I have a Python function that returns a value.
def population_gen(P)
...
return fittest
Now, I need to write a piece of code that compares the "fittest" with last iteration of the function call population_gen(P) that returned "fittest" and stops when the current fittest becomes equal to the previous one.
What I have tried is the following:
def population_gen(P)
...
return fittest
gen_count = 0
max_gen_count = 10
while gen_count <= max_gen_count:
population_gen(Pop)
gen_count = 1
I can run this any number of times (11 in this case) and make sure that my code is working. But, I do not want to it run 11 times, rather keep the while loop running till the aforementioned condition is met. I also wanted to mention that this function generates a population from a given initial population. Then, I feed this function again with the population that it generates and successfully keep it running for as many times I want. But I cannot implement the condition of comparing the "fittest" value.
Please help. Thanks in advance!
CodePudding user response:
Use a new default variable set as maximum in the arguments. Like -
def population_gen(P, prev_fit = 99999): if prev_fit < population_gen(P): return prev_fit
CodePudding user response:
I assume that you want to keep iterating through the loop if the current and last values of the function returned is not equal.
Theory: You can declare two variables, one inside loop and one outside. The work of inside one is to get the value of function returned by the function, and the outside one will be used to keep check of the previous value, so that it doesn't get lost (I mean the previous value here).
Now, you know, how simple it is, let's implement it. First, for the example, I would be creating a function that returns a random value from a list.
import random # Importing random module for help in choosing random value
def foo():
_list = [1, 2, 3]
return random.choice(_list)
Now, we have our example function, let's create a loop to keep check. NOTE: The type of loop you are using can be used, but the more efficient one is to use for loop, as you can use range function there as suggested by @Jab.
It's time to declare variables and the loop:
var = None # Outside the loop, will be used as a container for previous returned value
for _ in range(1, 12): # range(min. value, max. value [not included])

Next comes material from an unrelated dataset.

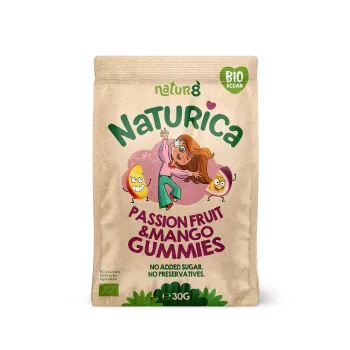 Naturica- Jeleuri din fructe cu mango si fructul pasiunii, bio, vegan, fara alergeni, 30 g
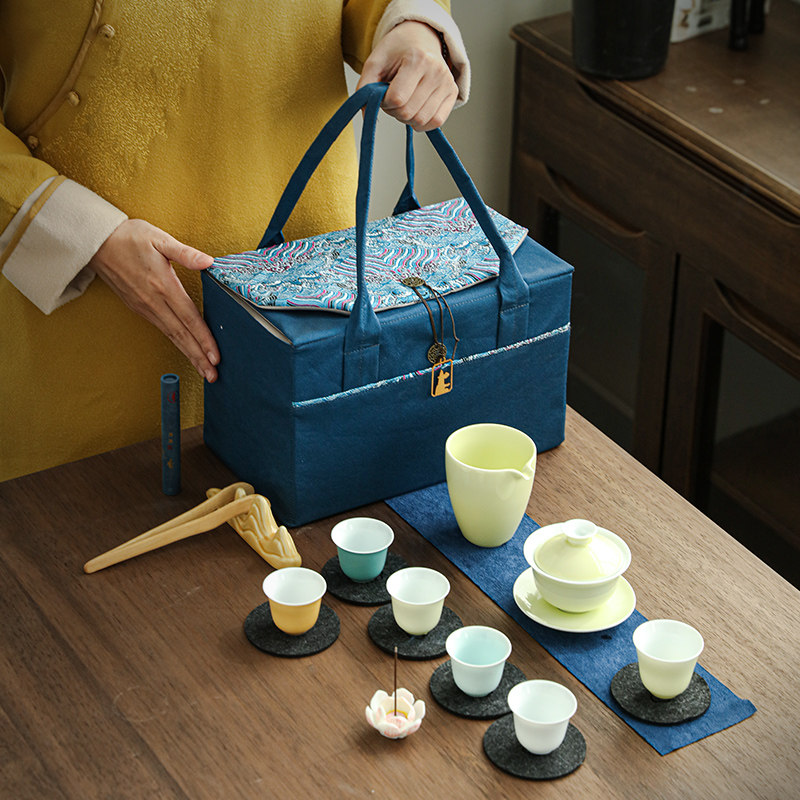 凌胜旅行茶具家用便携茶艺收纳布包功夫茶具套装简约茶器盖碗禅意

a = foo() # Creating a variable 'a', that would be holding current returned value from the function
if var is not None and a == var: # For first iteration, it would be None but the value will be assigned to 'var' in for it's next iteration and checking it whether the prev. and current values are equal or not
break # Break the loop
var = a # Assigns 'var' the value if the loop is still running
Now, the above example can be used as the answer. But, what if you want to check it? So, following is the code provided with the example for debugging purposes:
import random
def func():
l = [1, 2, 3]
val = random.choice(l)
print(val) # Printing the value, for debugging purposes
return val
var = None
for x in range(1, 12):
a = func()
if var is not None and a == var:
print(f'\nSame values after {x} iterations') # It will show, after how many iterations the loop stopped
break
var = a
Now, I ran the above code 3 times, the following is the output:
OUTPUT:
>>> 3
>>> 3
>>>
>>> Same values after 2 iterations
>>> 2
>>> 3
>>> 2
>>> 2
>>>
>>> Same values after 4 iterations
>>> 2
>>> 2
>>>
>>> Same values after 2 iterations
I hope you understood the concept.
CodePudding user response:
Assuming you want to call the function population_gen until it's last two invocations return the same value. The output of population_gen becomes the input in the next iteration.
import random
def population(limit: int) -> int:
return random.randint(1, limit)
prev = None
cur = population(10)
while prev != cur:
prev = cur
cur = population(prev)
print(prev)
CodePudding user response:
Using the builtin range function in python:
def population_gen(P):
...
return fittest
for Pop in range(11):
population_gen(Pop)